I didn't try the 4 cylinder, and the CVT sounds interesting to say the least. Styling is unique so you won't mistake it for anything else. The plastic side panels and the lower cladding ought to make this a low-maintenance exterior, if you obsess about door dings. The one I drove was $26 grand, though they were offering $1000 cash back and 0% financing (both). I thought Saturn didn't play the rebate game. Oh well.
Some bonuses - side curtain air bags and OnStar are offered, if you're into those.
Verdict? A basic, utilitarian sport/cute that ought to keep a former SL owner happy. But I'll wait to try the Redline, hoping for a smoother and more powerful drivetrain and better seats.
Jun 20, 2003 (9:24 am)
I'm very impressed for the most part with this vehicle.
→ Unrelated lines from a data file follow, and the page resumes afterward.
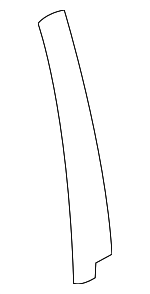 7729078J01 - : Applique for Suzuki Image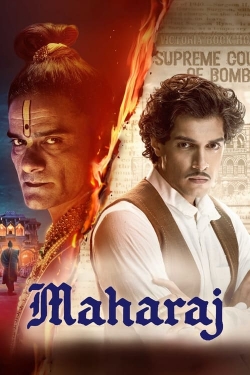 watch Maharaj online free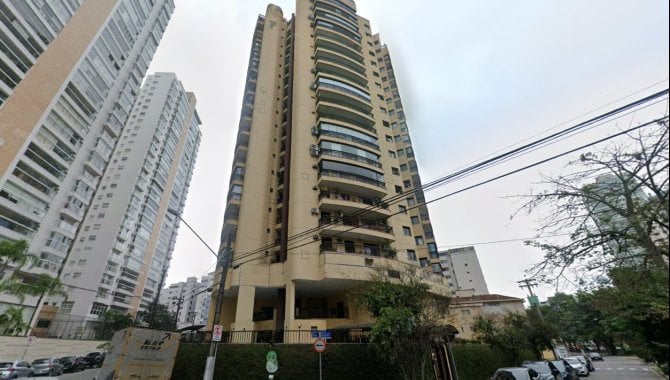 Apartamento Duplex Luxuoso com 213m² na Ponta da Praia, Santos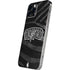 NBA San Antonio Spurs Black Animal Print iPhone 12 Pro Skin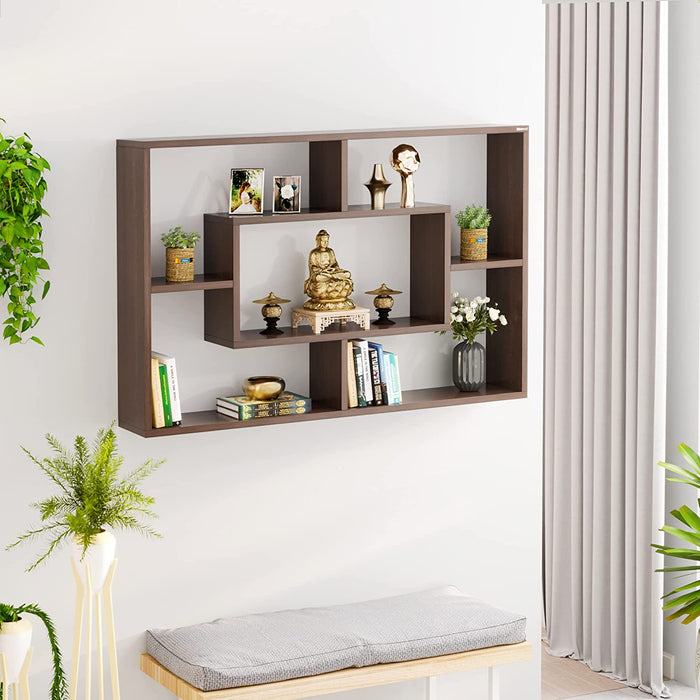 Crafte Shelf |Wenge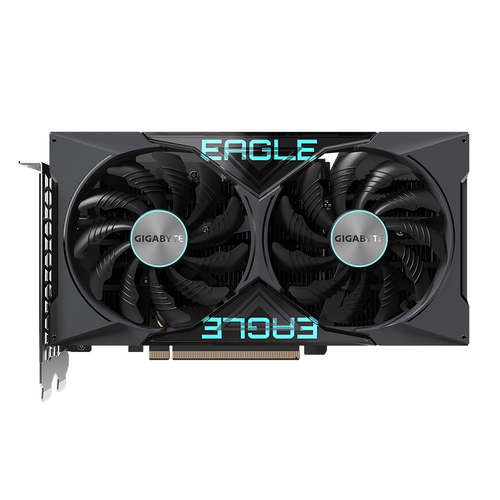 GIGABYTE GeForce GTX 1650 D6 EAGLE 4G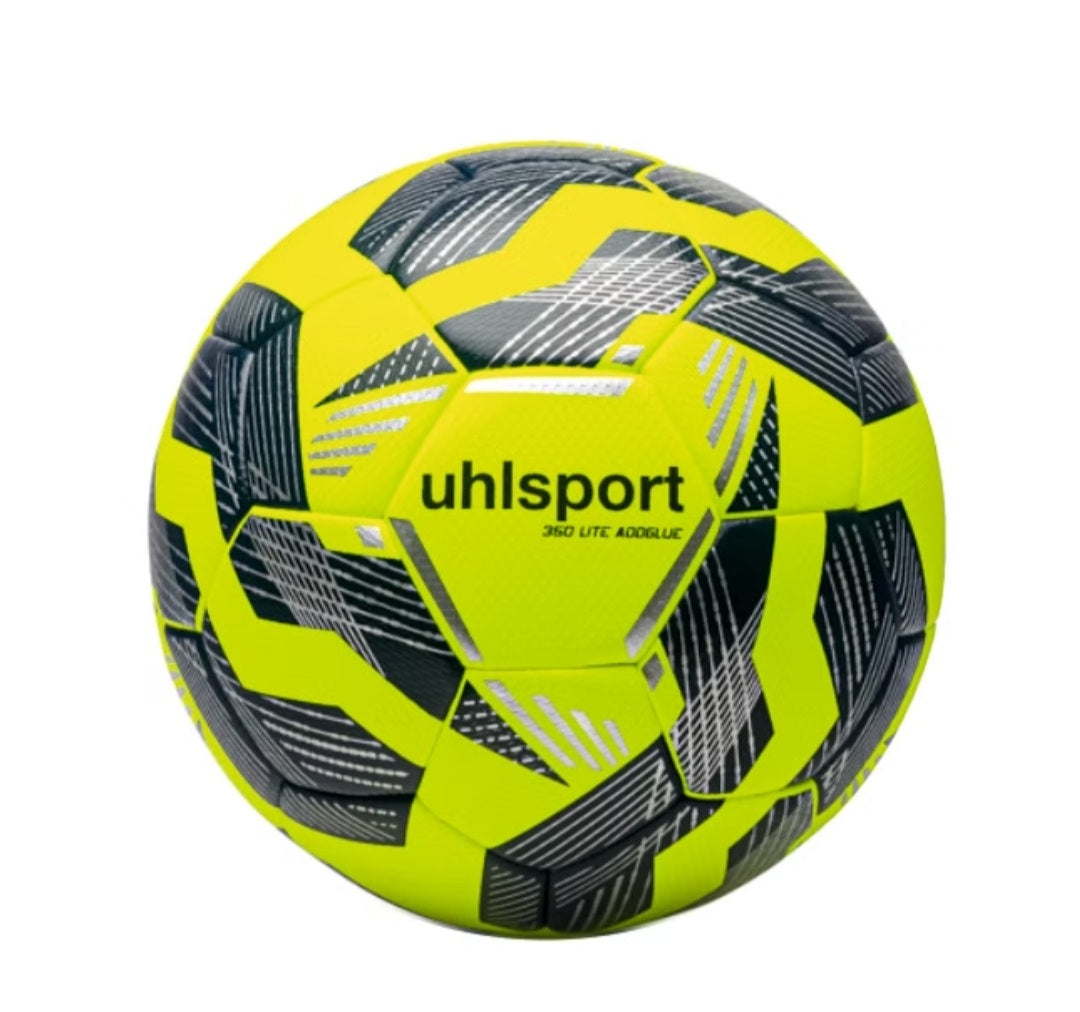 Uhlsport Ball  350 Lite Addglue 02 |  Gr.4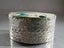 Vintage Chinese Trinket Box – Porcelain Panel Lid Carousel 5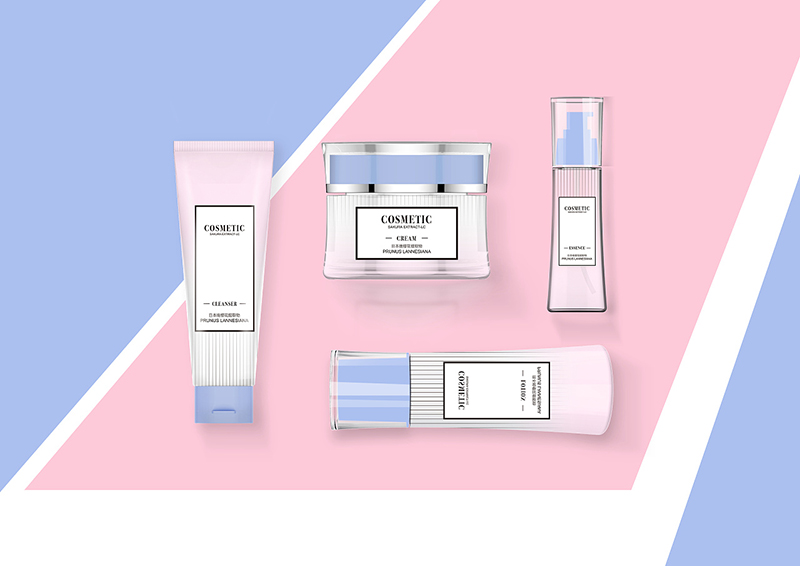 化妆品瓶生产厂家分享化妆品用完后瓶子的多种用处 化妆品瓶生产厂家分享化妆品用完后瓶子的多种用处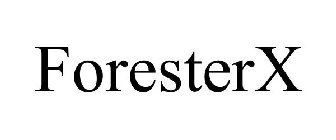 FORESTERX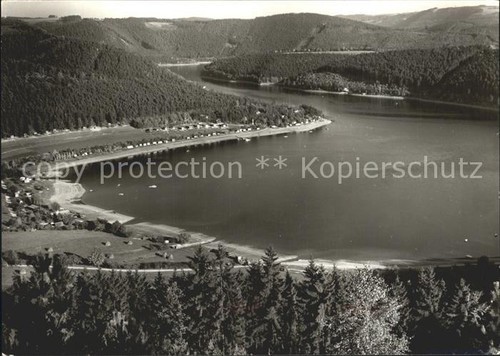 Hohenwarte saaltal - hohenwarte,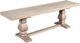 Sunny Designs™ Gianna Wheat Bench-0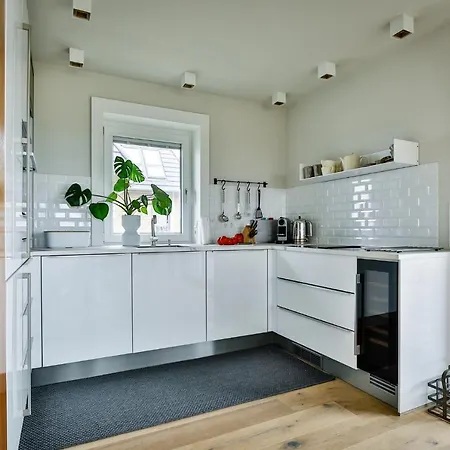 Sonnenscheinsylt Hörnum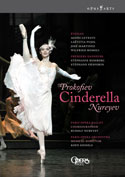Cinderella - Opus Arte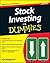 Stock Investing for Dummies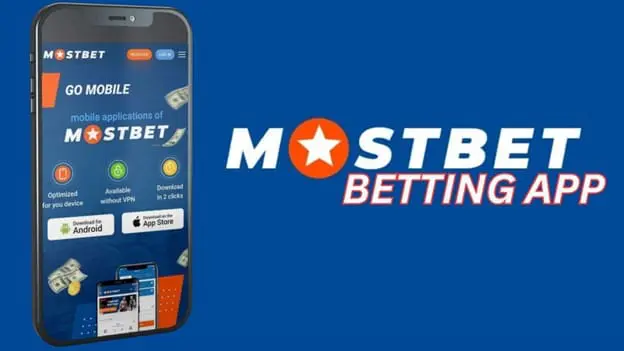 Mostbet Online Casino Application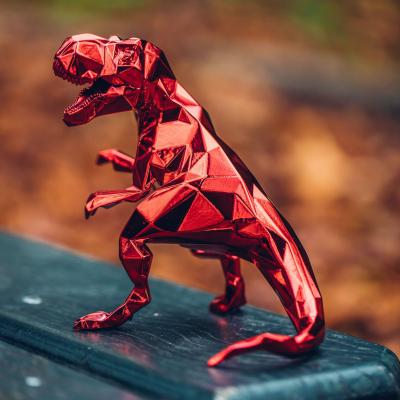 Richard ORLINSKI : T Rex - Sculpture 2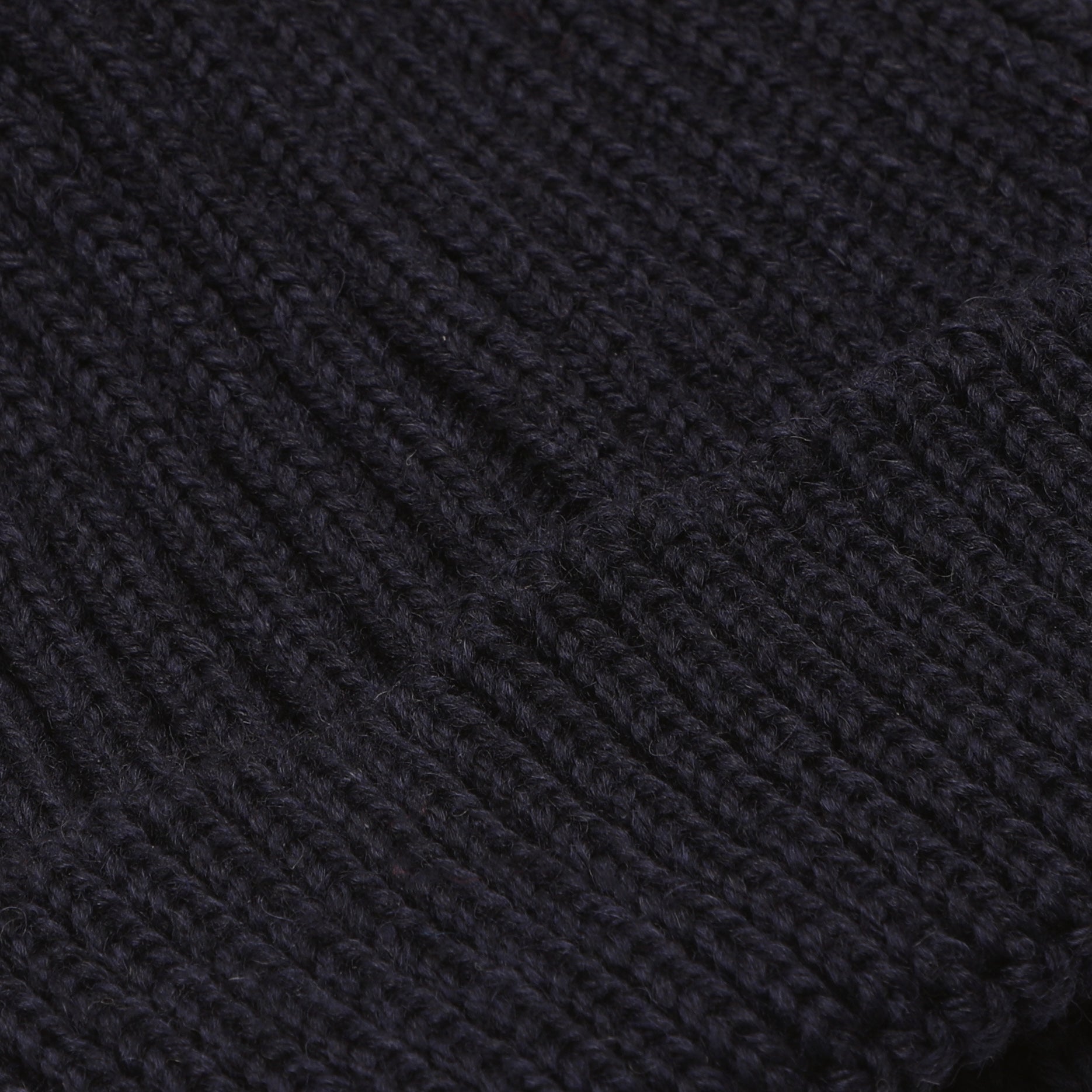 Shaped Watchcap - Azul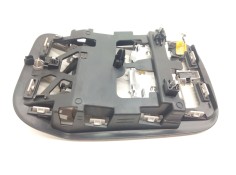 Recambio de luz interior para citroën c4 cactus feel referencia OEM IAM    2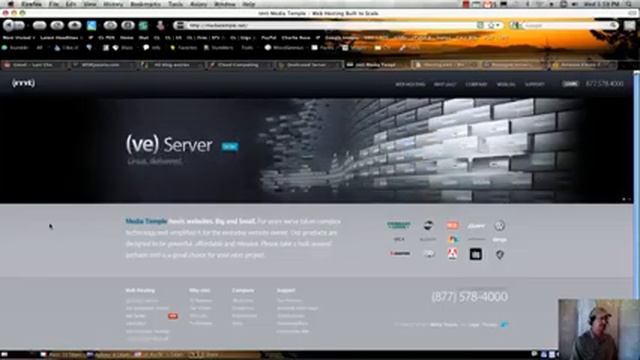 Joomla CMS Hosting Tips - Part 2 смотреть онлайн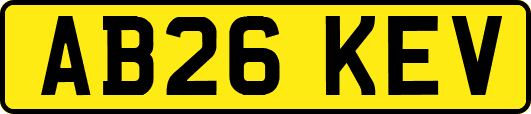 AB26KEV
I know a lot of people are turned off (or on) by the styling. I like it because it's different, but not just different to be different, but instead different to be better.
I do have one very serious complaint about the Element: The payload rating is flat out lousy, at 675 pounds. Put four 175 pound passengers in it, and you've already exceeded the payload rating by 25 pounds. You can bet that owners will be tempted to load this thing up, and will most likely be unaware that they've exceed the load limit.
Other than that, it's pure Honda, which can be good or bad depending on your perspective. I think it's good, very good.
Jun 20, 2003 (9:31 am)
Last summer(?) I had an opportunity to test drive a bunch of BMWs, at a BMW event. One of the features that impressed me was the heated steering wheel on the X-5. I'm sure other BMWs have this feature too.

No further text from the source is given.